И сразу могу сказать: если вы внимательно вглядитесь в то, чем заняты, а это и есть ваши жизненные задачи, то обнаружите, что огромную часть решаемых вами задач либо вообще не нужно решать, либо можно решить проще и легче. Чаще всего это связано с отсутствием культуры самоосознавания: мы просто не видим, что решаем много чужих или ненужных задач, от которых надо просто освободиться.
Искусство освобождения называлось целеустроением. Я многократно о нем рассказывал. Повторю вкратце: вся жизнь человека выстроена как последовательность лестниц, ведущих к определенным целям. И каждая ступень в такой лестнице есть задача. Но все эти лестницы, пока они разумны, увязаны между собой и ведут к одной главной цели, которую мы чаще всего даже рассмотреть не можем за всем этим обилием. Но она есть и правит нашей жизнью.
Если мы хотим научиться думать лучше, сначала надо очистить и отладить орудие думания, то есть разум. Делается это как раз при помощи целеустроения.
Что такое целеустроение и как оно работает, я описывал раньше и не считаю нужным заново рассказывать в этой книге. Но основные подсказки вы найдете в Приложении, где собраны некоторые материалы по этой теме.
Если вы проделаете целеустроение и освободите свой разум от чужого и лишнего, то, что останется, будет насущным. Иначе говоря, это то, чем вы действительно живете. Теперь в нем можно выбрать главное, а главное подскажет, чему именно надо учиться. Но и сама работа по выбору главного – важнейшее искусство в рамках науки думать.

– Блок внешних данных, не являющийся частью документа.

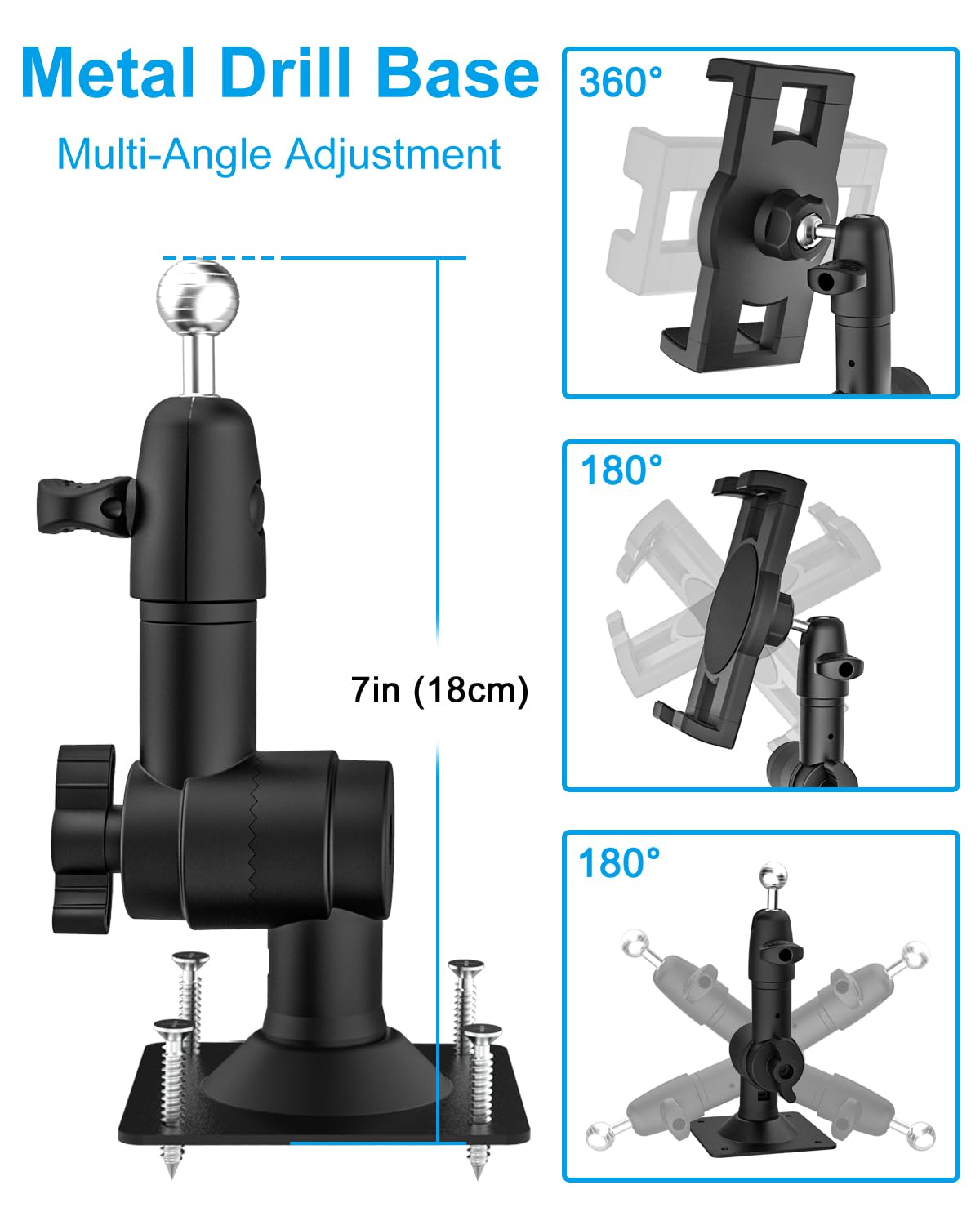Gdzn Universal Tablet Wall Mount Holder For Ipad, [Adjustable Arm] Kitchen Cabinet Drill Base Tablet Stand For 4-13 Inch Tablets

Суть его в том, чтобы понять, что ради чего. На первый взгляд все наши дела одинаково важны. Но это только пока они представлены внутреннему взору кучей. Упорядочите их – и станет ясно, что большая их часть нужна лишь затем, чтобы сделать остальное. Иными словами, большая часть наших дел и задач – лишь пути к главному. А пути могут быть разными. Вовсе не обязательно идти трудно и долго только потому, что ты так однажды придумал. Возможно, ты ошибался или просто не знал более легких путей в то время.
Поэтому пересмотр дел начинается с сомнения в самом себе. Сомнение это вполне приемлемого рода: однажды я решил достичь вот этого и наметил такой путь. Сейчас этот путь заставляет меня сделать такие-то и такие-то дела. Неужели это нельзя сделать проще?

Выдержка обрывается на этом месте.